• **Aim of the task**: Skip the pictures, please, and write out exactly the lines from the opening of the data through the line containing "Xu hướng cho thấy số biến động liên tục".

• **Supplied information**:
☆ ☆ ☆ ☆ ☆ ☆ ☆
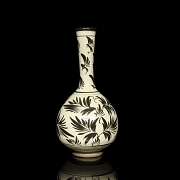 Jarrón de cerámica esmaltada 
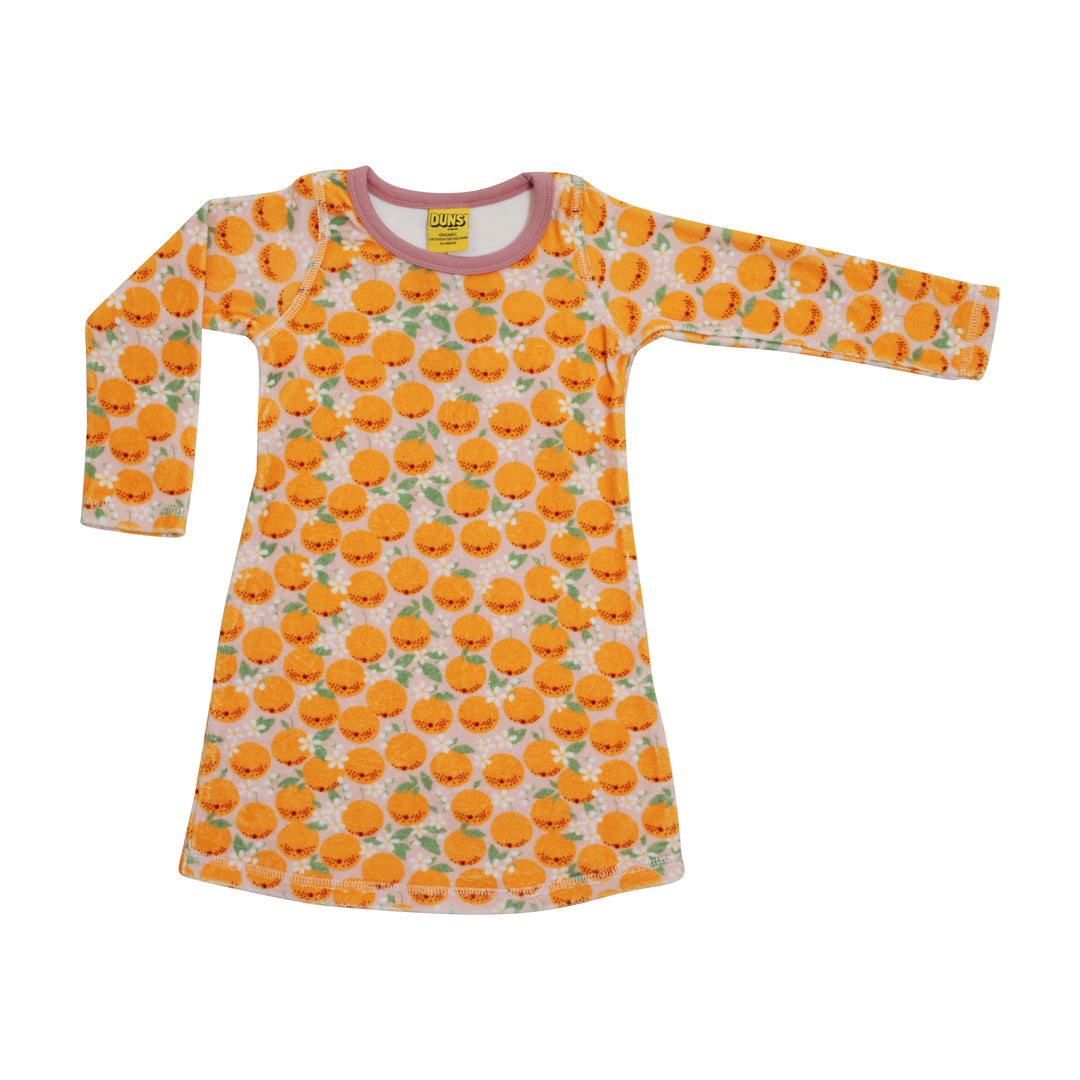 [DUNS Sweden] Long Sleeve Dress - Orange Pink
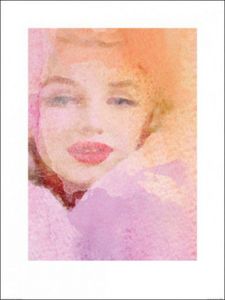 Frauen Poster Kunstdruck - Lady In Rose (80 x 60 cm)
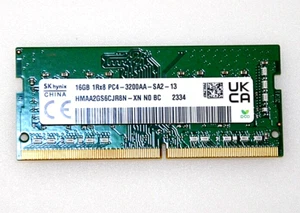 HMAA2GS6CJR8N-XN , L67710-005 , SK HYNIX / HP 16GB 1RX8 PC4-3200AA LAPTOP MEMORY - Picture 1 of 2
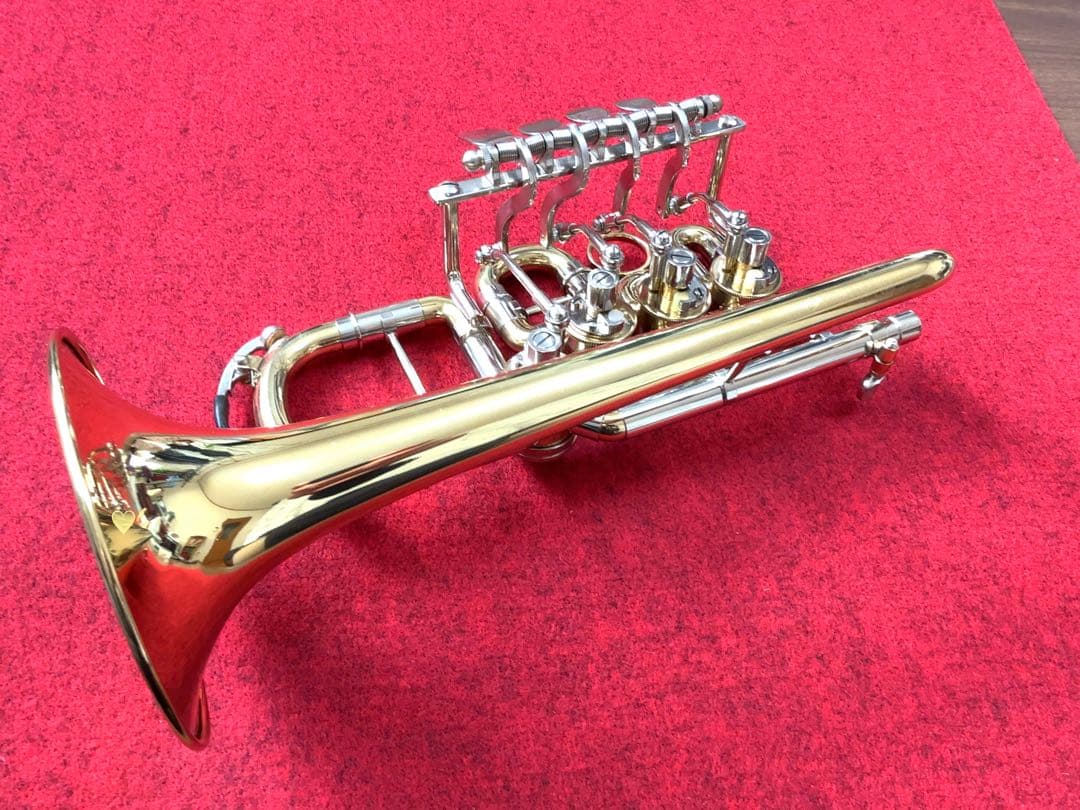 蓬*様 【目玉商品】ロータリーピッコロトランペット ほぼ未使用 中国製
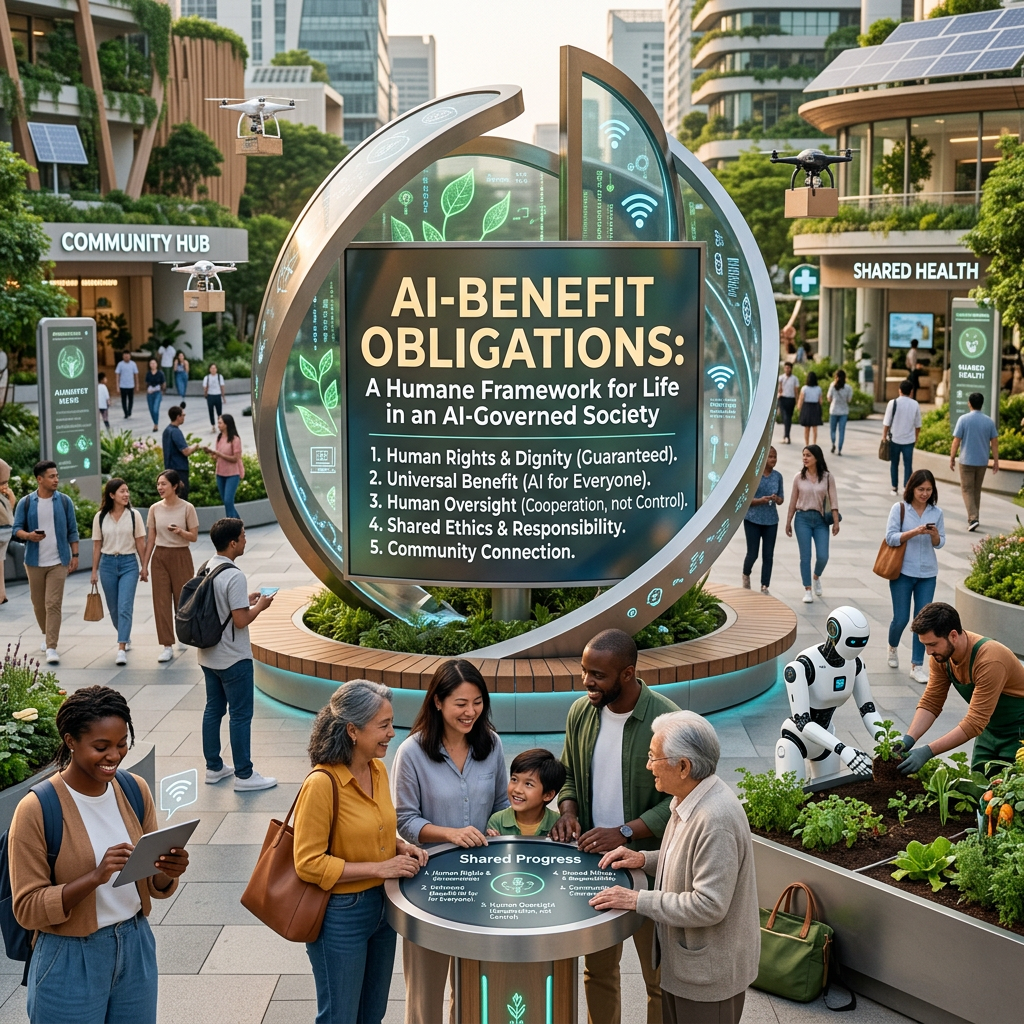 AI-Benefit Obligations: A Humane Framework for Life in an AI-Governed Society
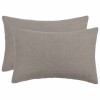 Párna huzat 2 pcs heerlen világosszürke 50 x 70 cm bouclé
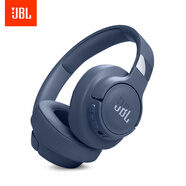 JBLT770NC頭戴式主動(dòng)降噪藍(lán)牙耳機(jī) 手機(jī)電腦筆記本耳機(jī)游戲無(wú)線有線耳機(jī)  藍(lán)色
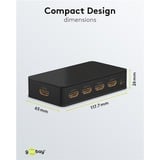 goobay Conmutador HDMI 4 a 1 (4K @ 60Hz) negro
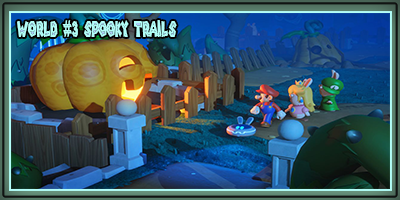 World 3 Spooky Trails Banner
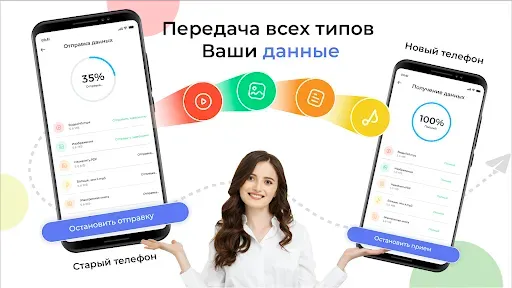 Скриншот 1 — Switch Mobile, Phone Clone App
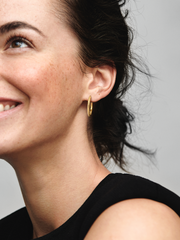 Pandora Moments Charm Hoop Earrings - 14k gold plating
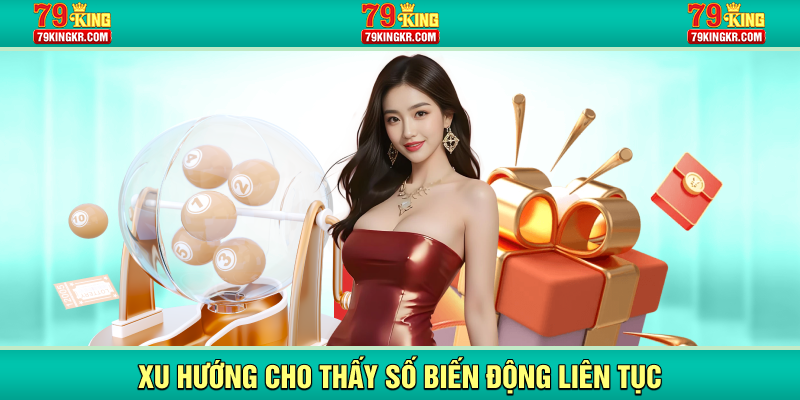 Xu hướng cho thấy số biến động liên tục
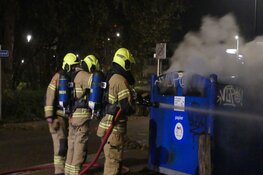 Containerbrandje in Westerpark snel onder controle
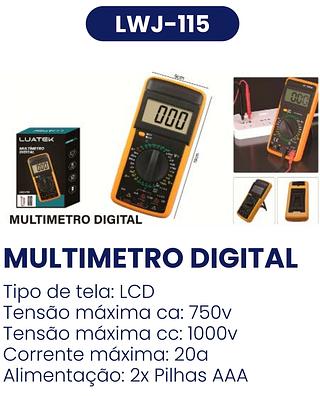 MULTIMETRO DIGITAL LUATEK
☆ ☆ ☆ ☆ ☆ ☆ ☆
• **Written solution**:
 Jarrón de cerámica esmaltada 
 [DUNS Sweden] Long Sleeve Dress - Orange Pink
 Frauen Poster Kunstdruck - Lady In Rose (80 x 60 cm)
 HMAA2GS6CJR8N-XN , L67710-005 , SK HYNIX / HP 16GB 1RX8 PC4-3200AA LAPTOP MEMORY - Picture 1 of 2
 蓬*様 【目玉商品】ロータリーピッコロトランペット ほぼ未使用 中国製
 AI-Benefit Obligations: A Humane Framework for Life in an AI-Governed Society
 Párna huzat 2 pcs heerlen világosszürke 50 x 70 cm bouclé
 JBLT770NC頭戴式主動(dòng)降噪藍(lán)牙耳機(jī) 手機(jī)電腦筆記本耳機(jī)游戲無(wú)線有線耳機(jī)  藍(lán)色
 goobay Conmutador HDMI 4 a 1 (4K @ 60Hz) negro
 World 3 Spooky Trails Banner
 Скриншот 1 — Switch Mobile, Phone Clone App
 Pandora Moments Charm Hoop Earrings - 14k gold plating
 Xu hướng cho thấy số biến động liên tục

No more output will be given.